Florian, 21 ans et des avions en papier
Assis sur le lit bien fait de sa chambre étudiante à Charleroi, Florian 21 ans, tire sur une cigarette. Il a fini le service citoyen depuis deux ans et fait une formation pour devenir mécanicien d’avions, « aérotechnicien ».
Les avions, qu’il décline en pliages en papier sur le rebord de sa fenêtre, c’est sa passion. C’est peut-être pour ça qu’au sortir du lycée, il a tardé à s’inscrire dans un cursus général à l’université. Le service citoyen a rempli son année vide de plusieurs projets : faire des vidéos pour Télé Bruxelles, accompagner des personnes handicapées moteur dans des festivals et partir en Italie pour un chantier de jeunes volontaires.
Cet apprenti technicien continue à vivre bien entouré dans un foyer étudiant, mais ça lui fait des souvenirs. Au moment d’être pris en photo, il indique avec soin le bâtiment où ont lieu ses cours, histoire de ne pas poser devant ceux d’à côté, en réfection et dont la brique noircie rentre bien dans les clichés sur les villes désindustrialisées du Nord. À l’intérieur, un atelier de réparation de pièces d’avion côtoie les salles de cours, et c’est finalement là qu’il prend la pose.
Tathyana : « Avoir envie d’aider les gens »
Au nord de Charleroi, Tathyana, 26 ans, travaille dans une école primaire. Elle a fait le service citoyen il y a deux ans, en même temps que ses études d’éducatrice, dans une maison de quartier où elle donnait des cours d’alphabétisation et aidait dans les démarches administratives.
De son service, elle a des souvenirs « super, aussi bien pour s’orienter que pour rencontrer des gens ». Elle ajoute : « Il faut juste avoir envie d’aider les gens. Mais six mois c’est pas assez. On parle souvent de décrochage scolaire. Si on impose un service citoyen aux personnes concernées, ça redonne l’envie aux jeunes. » L’envie, la jeune femme l’avait, « toujours intéressée par l’humanitaire, le social et l’éducation ». Mais selon elle, le service citoyen a rendu plus facile la recherche d’emploi.
Pour naviguer entre les différentes écoles, classes et garderies de Charleroi où elle fait des remplacements depuis sept mois, elle a obtenu son permis de conduire provisoire. Ça lui permet d’arpenter les routes de l’agglomération de Charleroi pour arriver à l’heure. « Ce qui me stresse, c’est la manière dont les gens se comportent une fois qu’ils sont dans une voiture ! », dit-elle avant de piler à un rond-point.
Sur les conseils de ses parents, avec lesquels elle habite, elle met de côté ses premières paies pour l’avenir, et un appartement.
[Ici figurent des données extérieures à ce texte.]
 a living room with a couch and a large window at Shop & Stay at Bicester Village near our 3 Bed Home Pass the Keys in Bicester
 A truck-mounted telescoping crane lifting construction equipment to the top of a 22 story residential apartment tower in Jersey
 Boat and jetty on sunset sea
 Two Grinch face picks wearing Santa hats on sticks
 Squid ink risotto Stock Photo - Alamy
Laurent : Du monde des équations aux sans-abris
À 22 ans, Laurent a bientôt fini son service citoyen dans un centre d’accueil pour sans-abris. Après avoir obtenu son diplôme d’ingénieur de l’Ecole Polytechnique à l’université de Louvain-la-Neuve, il voulait “prendre beaucoup de distance par rapport au monde des équations”.
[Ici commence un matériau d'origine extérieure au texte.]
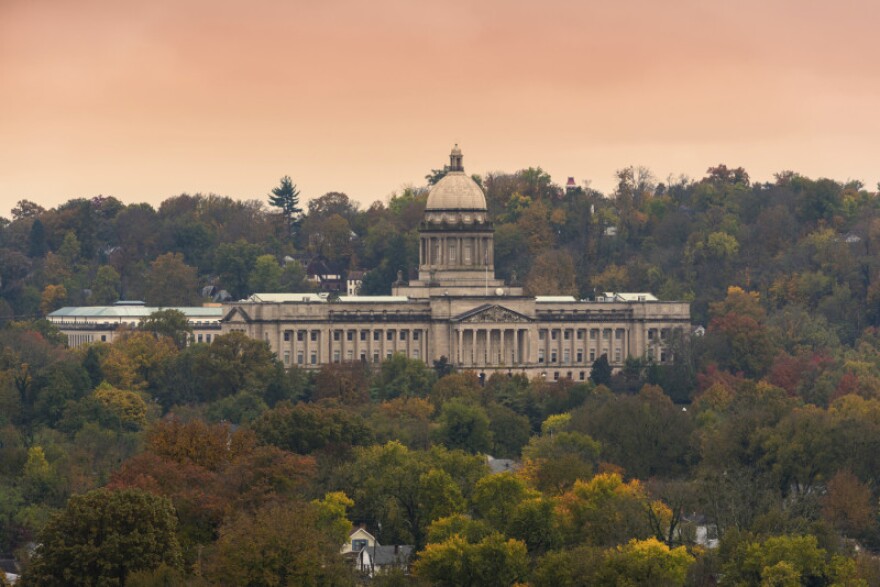 The Kentucky Capitol complex is shown from a high, far-away viewpoint, surrounded by trees and beneath a reddish sky.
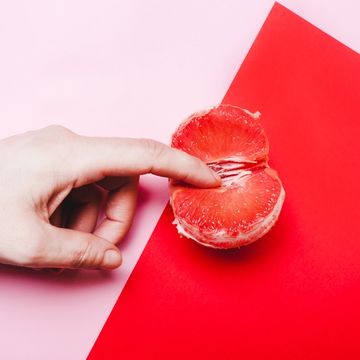 concept sex, masturbation hand, fingers in grapefruit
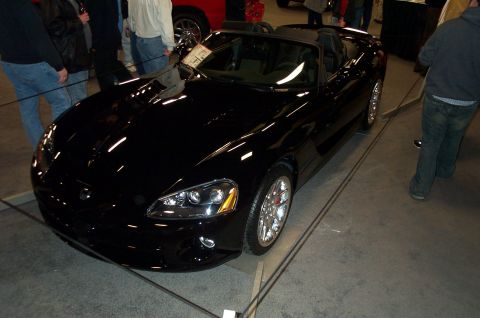 2001 Ford Crown Victoria - A black convertible sports car is displayed indoors with people around.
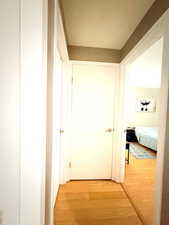 Hallway with light wood-style flooring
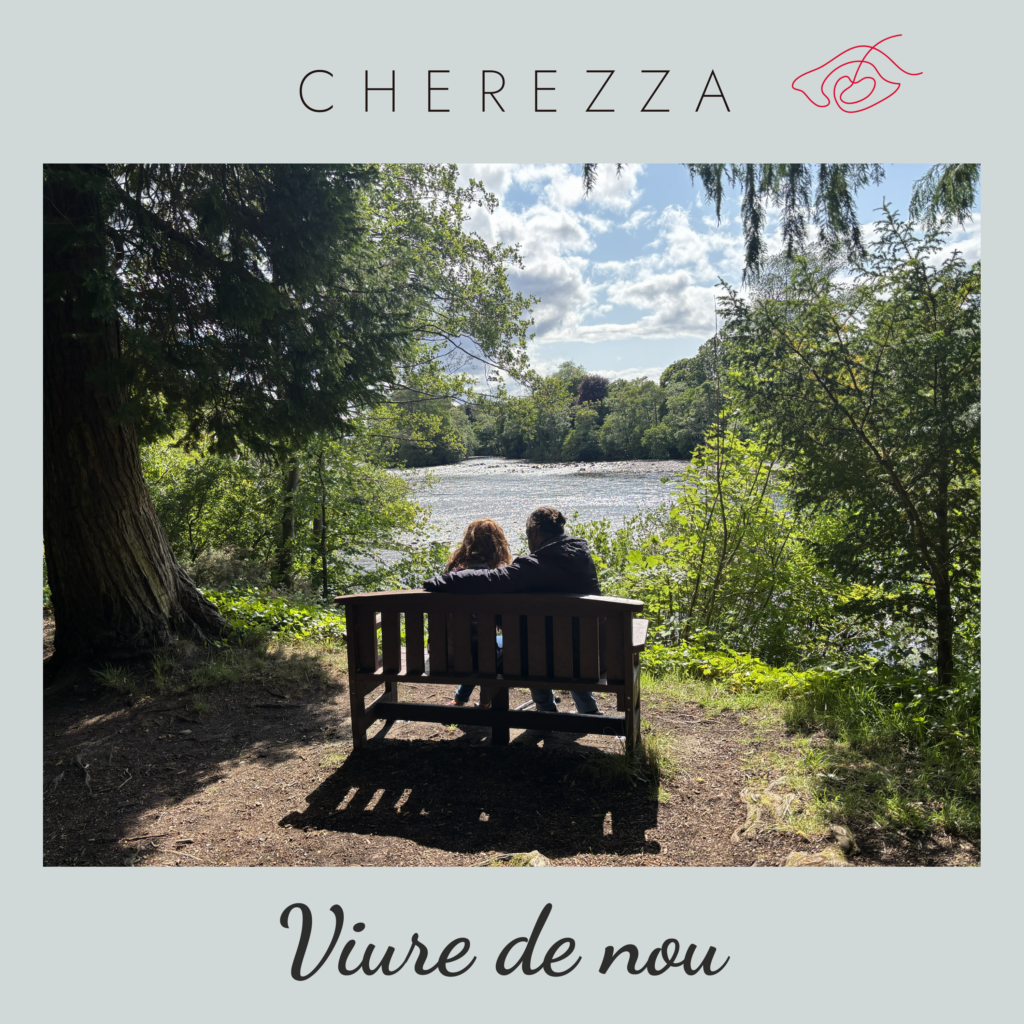 Una pareja, de espalda, sentada en un banco de madera, rodeado de vegetación, delante de un río. Arriba, el logo de Cherezza. Al pie, el título del single: Viure de nou.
Le service citoyen lui aura permis de “se découvrir” puis d’enchaîner sans attendre avec une recherche d’emploi dans le conseil en informatique, costume cravate à l’appui.
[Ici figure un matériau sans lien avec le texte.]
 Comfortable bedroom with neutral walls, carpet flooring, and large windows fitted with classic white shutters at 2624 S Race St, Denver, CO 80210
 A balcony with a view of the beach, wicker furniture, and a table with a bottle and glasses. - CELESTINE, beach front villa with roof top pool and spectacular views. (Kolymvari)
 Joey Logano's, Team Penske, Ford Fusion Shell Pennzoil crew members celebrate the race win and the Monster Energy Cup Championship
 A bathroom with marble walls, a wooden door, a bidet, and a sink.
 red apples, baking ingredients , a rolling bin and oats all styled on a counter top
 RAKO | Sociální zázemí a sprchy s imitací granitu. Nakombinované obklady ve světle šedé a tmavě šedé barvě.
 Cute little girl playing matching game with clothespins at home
Entre le foyer de sans-abri et les jeunes du service citoyen, Laurent dit avoir gagné en ouverture d’esprit. Lui qui avoue “avoir du mal à garder des accroches sociales fortes”, parle du plaisir à discuter avec des gens qu’il “n’aurait jamais rencontrés sans le service citoyen”, personnes à la rue ou tout juste sorties de prison. Et aussi l’impression de sortir de la “bulle de Louvain-la-Neuve”, ville campus sortie de terre dans les années 1970.
Parmi ses camarades, plus d’un jeune volontaire bruxellois sur deux est étranger ou né de parents d’origine étrangère. Une image exacte de la démographie de la capitale belge. “Une richesse culturelle” à laquelle Laurent dit être devenu plus sensible depuis le début de son service.
Laurent avait peur d’un travail où on lui dise quoi faire. Maintenant, il relativise : “Je sais que je peux m’imposer et prendre mes propres initiatives, je l’ai fait pendant le service citoyen.”